What hardware will you need beyond the DE2 board (be sure to e-mail Brian if it’s anything beyond the basics to make sure there’s enough to go around) A monitor like the one used in lab 6
How does this project relate to the material covered in CSCB58?: This game has objects that move around over set intervals. We will use counters and decoders to simulate movement by selecting certain pixels to turn on and off certain colours across the screen. Furthermore, a FSM will be implemented to help organize the different game states. We will also use ALU registers to select between addition and multiplication modules when calculating scores, and memory will be required to stored the scores. Ultimately, we will connect these modules using a controller to configure the state properly, which allows the game to be replayed indefinitely.
Why is this project interesting/cool (for CSCB58 students, and for non CSCB58 students?): It takes a game we are all familiar with and breaks it down into basic components that we can build from scratch. It is interesting for CSCB58 and non-CSCB58 students to see how simple bit operations involving two digits can be built and modified in such a way to create a complex entertaining game. It is interesting seeing how advanced games can be made through complex and vast arrangements of atoms.
Why did you personally choose this project?: This project is challenging and requires us to use all of our knowledge we’ve learned so far in this course. Not only that, it requires us to further research and try out many different things to accomplish this task. Also, our group members are all interested in games and this project will provide us an experience of building a game from scratch.
Brian Harrington’s starter code for CSCB58 labs
Week 1: We adjusted the verilog code for lab6(vga) in order to display pixels through a register which stores X and Y coordinate instead of manually loading it like in lab6 (vga lab). This means we also created a register that acts as an object representing the character that the player is controlling, inside the register we store the X and Y coordinate as well as the state of the character (Flying, or Falling), at this point we used up the remaining time to test if the monitor can actually display the pixel(character), our plan next week is to start implementing the Flying and Falling states of the character
Week 2: We implemented the flying and falling state of the character, but we can’t tell if it works properly since the drawing module has issues drawing with changing x and y values. We also created and tested the pipe register which holds the x and y value of a pipe, suprisingly the drawing module works properly for the pipes. We started adding the erase states for the drawing module to erase it’s current frame before drawing the next, but we ran into timing issues where the pipe moves asynchronous to the speed of frames being drawn. Our plan next week is to change the pipe to move only after the drawing modules finishes drawing each frame. We also hope to rework our character module.
Week 3: Due to the short amount of time remaining, we decided to simplify some features of the game.

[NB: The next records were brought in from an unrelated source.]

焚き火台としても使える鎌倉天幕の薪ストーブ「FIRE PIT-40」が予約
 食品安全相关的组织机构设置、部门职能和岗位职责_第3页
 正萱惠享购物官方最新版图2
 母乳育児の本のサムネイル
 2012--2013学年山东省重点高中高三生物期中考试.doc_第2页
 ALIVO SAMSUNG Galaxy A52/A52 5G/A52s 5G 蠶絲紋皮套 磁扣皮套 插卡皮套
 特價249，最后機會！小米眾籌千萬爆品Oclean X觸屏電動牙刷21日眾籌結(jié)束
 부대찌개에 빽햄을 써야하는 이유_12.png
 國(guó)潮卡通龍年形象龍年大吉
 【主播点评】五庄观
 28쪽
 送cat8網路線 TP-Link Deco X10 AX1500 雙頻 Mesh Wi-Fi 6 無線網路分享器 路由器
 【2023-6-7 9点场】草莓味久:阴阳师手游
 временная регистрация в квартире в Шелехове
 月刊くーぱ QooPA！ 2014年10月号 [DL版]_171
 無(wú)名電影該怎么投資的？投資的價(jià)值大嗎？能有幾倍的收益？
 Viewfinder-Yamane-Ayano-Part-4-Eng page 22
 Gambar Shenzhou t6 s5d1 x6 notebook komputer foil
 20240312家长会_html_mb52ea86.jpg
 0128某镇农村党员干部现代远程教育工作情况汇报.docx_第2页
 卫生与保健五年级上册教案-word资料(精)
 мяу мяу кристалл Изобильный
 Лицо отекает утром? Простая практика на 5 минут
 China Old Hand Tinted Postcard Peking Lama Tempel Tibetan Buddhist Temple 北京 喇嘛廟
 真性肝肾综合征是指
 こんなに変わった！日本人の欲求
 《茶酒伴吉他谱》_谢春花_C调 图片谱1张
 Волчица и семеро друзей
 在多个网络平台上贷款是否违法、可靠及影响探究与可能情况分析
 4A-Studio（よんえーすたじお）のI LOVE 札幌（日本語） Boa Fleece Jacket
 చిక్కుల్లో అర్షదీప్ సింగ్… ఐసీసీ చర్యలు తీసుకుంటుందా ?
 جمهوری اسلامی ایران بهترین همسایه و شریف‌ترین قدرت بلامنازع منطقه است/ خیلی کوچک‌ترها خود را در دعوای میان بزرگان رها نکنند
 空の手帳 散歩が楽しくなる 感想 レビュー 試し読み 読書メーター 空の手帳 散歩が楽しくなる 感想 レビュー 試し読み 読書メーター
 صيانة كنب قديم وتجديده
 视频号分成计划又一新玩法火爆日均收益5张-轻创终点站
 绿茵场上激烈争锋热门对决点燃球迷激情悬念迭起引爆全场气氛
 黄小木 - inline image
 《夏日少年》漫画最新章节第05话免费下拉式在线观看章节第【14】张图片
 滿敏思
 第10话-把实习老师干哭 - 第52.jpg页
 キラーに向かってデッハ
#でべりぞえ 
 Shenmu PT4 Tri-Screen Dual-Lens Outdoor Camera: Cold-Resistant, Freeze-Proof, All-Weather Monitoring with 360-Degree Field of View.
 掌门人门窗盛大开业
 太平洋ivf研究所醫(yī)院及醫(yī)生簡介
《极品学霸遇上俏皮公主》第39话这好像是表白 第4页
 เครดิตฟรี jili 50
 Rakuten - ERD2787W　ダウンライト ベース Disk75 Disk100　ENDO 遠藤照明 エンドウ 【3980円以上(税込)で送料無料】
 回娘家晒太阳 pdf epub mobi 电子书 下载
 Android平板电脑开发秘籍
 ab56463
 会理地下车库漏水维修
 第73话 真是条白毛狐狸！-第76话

For example, the character flies at a constant speed when the player holds the button instead of flying with gravity when the player taps the button. We also scrapped the scoreboard feature since the main component of the game still needs work. During our time in the lab, we successfully debugged the problems with the painter module, which let us draw as if the character and the pipes are moving. We then added a collision detection module along with reset signals for the character and pipe registers. Overall, we made a lot of progress thanks to the extra lab time.
Week 4: During this week , we finished working on the score counter which increases by 1 every second that the player is still alive, and it resets when the player starts the game again. After the game was finished, we cleaned up the verilog files and deleted any unused modules.